This week, Aegis hosted one of our business partners from Connecticut.
Michael DePalma — with the tech firm Datto — came down to Florida to talk to 20 of our clients (both government and private sector) and partners in Florida about cybersecurity and the importance of having redundant backups of your critical systems.
He told a story of presenting with someone from the Philadelphia FBI office about ransomware; they asked the agent how many criminals are caught regarding ransomware schemes.
Zero. Goose egg.
That is what makes this recent arrest in Britain so important (something I wrote about earlier this month for Florida Politics).
The amount of money made by this type of criminal engagement is staggering.
Ransomware surged when bitcoin came to the market, as it is an untraceable cyber currency.
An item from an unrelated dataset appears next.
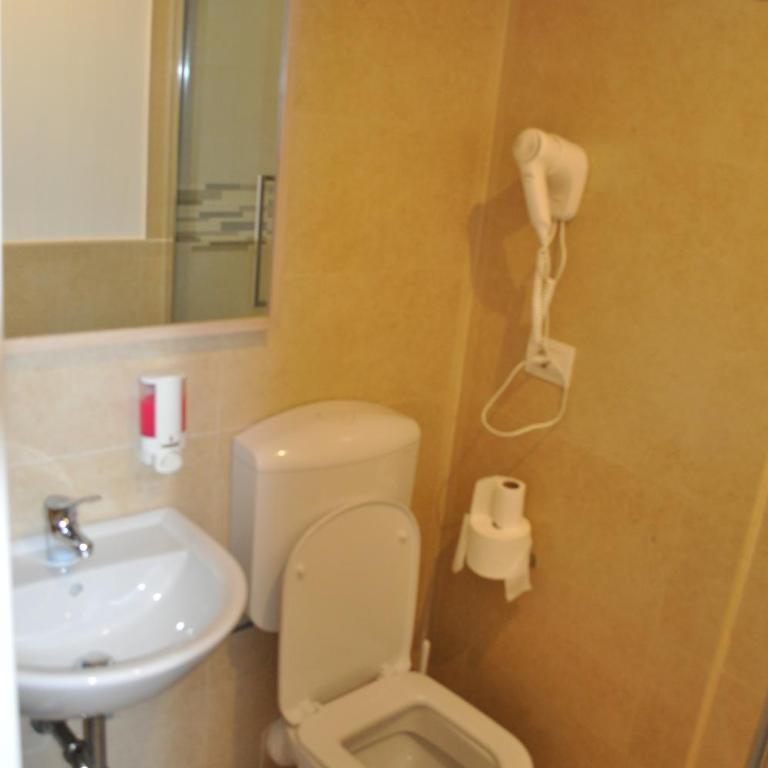 Karina Suite - Camera Matrimoniale con Bagno Privato - 1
In the past, a victim would wire or send gift cards to cybercriminals, who could then get apprehended pretty quickly as those types of moves are very traceable.
No doubt you saw the meteoric rise of this cryptocurrency, going from a few dollars per coin to almost $20K over the past five years (and back down to around $3K).
Someone sitting on thousands of these coins in a luxury bunker in Moscow and you cashed out when this currency peaked you are doing OK fiscally.
Why is this important to Florida? Remember when Sen. Bill Nelson was mumbling that Russians hacked the Florida elections offices? He knew it but wouldn’t say more.
Well, it turns out they were, as the Mueller report released last Thursday pointed out.
So, Bill was right all along. Excellent work, Mr. Nelson. He is a nice guy, and I always liked him.
But surely experts are keeping people safe now? Nope.
Last week, hackers hit the City of Stuart with ransomware. The FBI is currently investigating, according to WPTV. Another example of police and local officials forced to do business with pen and paper, as nothing works (just like Atlanta last year).
Hopefully, you never have to put one of these news releases together. Ouch.
If you haven’t yet figured it out, we have hit the epidemic stage with these types of threats.
Another example, I suggested to a local PR firm last week they start cybersecurity training; one of the firm’s representatives tells me the following story:
One of his team received an email (socially engineered) that looked like it was from him to that person, telling them he needed a stack of low denomination gift cards; get a credit card from management and head to Target and get them.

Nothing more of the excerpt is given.